Jimmy White Thinks

Insight and Observations About Maryland Real Estate
Jimmy White Thinks » Archive of 'Jan, 2009'

Okay, it’s a buyer’s market, does that mean we should wait to sell?

It is true, we are are now in a buyer’s market. The tide has been shifting for about three years now and buyers will have the upper hand for the foreseeable future. So if you are a first time buyer it is definitely time to jump in. Rates are currently low and you can get a second chance at homes and prices you may have passed on a few years ago. Do not try to wait for a bottom, you will most likely miss it. Remember those who bought in the last downturn in  the 1990’s? They have come out as the biggest winners. Become a homeowner as soon as you can, even if it means scaling back on that dream house. Get in the market, create equity and then trade up to the next home.

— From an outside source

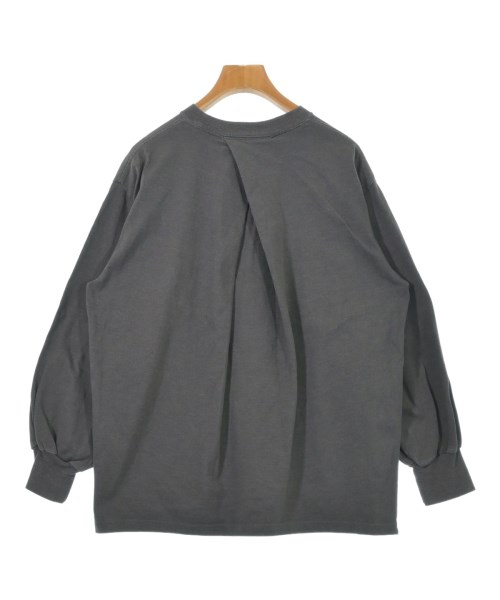 HYKE（ハイク）Tシャツ・カットソー グレー サイズ:1(S位) レディース/2200610011085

So what about selling in this downturn?

But what if you are thinking of selling your home, should you try to wait it out? Maybe, but it depends on your unique situation. If you bought at the top of the market 3-5 years ago and the only way to sell your house is to drop the price below what you owe and write a big check at settlement then you may want to look for other options. The first is to tough it out and stay in the house. It is only in the past ten years or so that homes became so speculative that buyers were buying and reselling in just a few years. The thought that a home is a long term investment seemed to slip away. The current market urges a return to the long term time horizon. But what if financially  the home is just too much for you or you must move for some other reason? Sellers in this scenario can ease the pain perhaps with a refinance to lower the payments. Another possibility is to turn the property into a rental with income to pay the mortgage until prices recover while taking a lesser priced rental or buying a much less expensive home. In this situation it is important to act before your available emergency fund is depleted and your credit rating is destroyed from missing payments.

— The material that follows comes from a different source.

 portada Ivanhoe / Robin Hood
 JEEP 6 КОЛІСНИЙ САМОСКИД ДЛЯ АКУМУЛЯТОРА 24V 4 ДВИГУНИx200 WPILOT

A buyer’s market can be good for a seller.

What, how can that be? For sellers who are wanting to trade up to that dream house this market can be a great time make the move. If you have equity in your home sufficient to price it correctly it will sell. It may take a bit longer than it would have 5 years ago, but it will sell. Now let’s say that in this buyer friendly market the value of your home is down 20 percent. Keep in mind that so is the price of the more expensive dream house. That means that you are giving up fewer dollars to sell you home than you are saving to buy the more expensive one. To improve the trade-up scenario be prepared to sell your home before going after the dream home so that you can make a non contingent offer on the next home. A non contingent, settle as soon as possible offer puts you in the strongest possible position to get the price you want to pay. It may mean storing all your stuff and living with the inlaws for a while, but it will be worth it.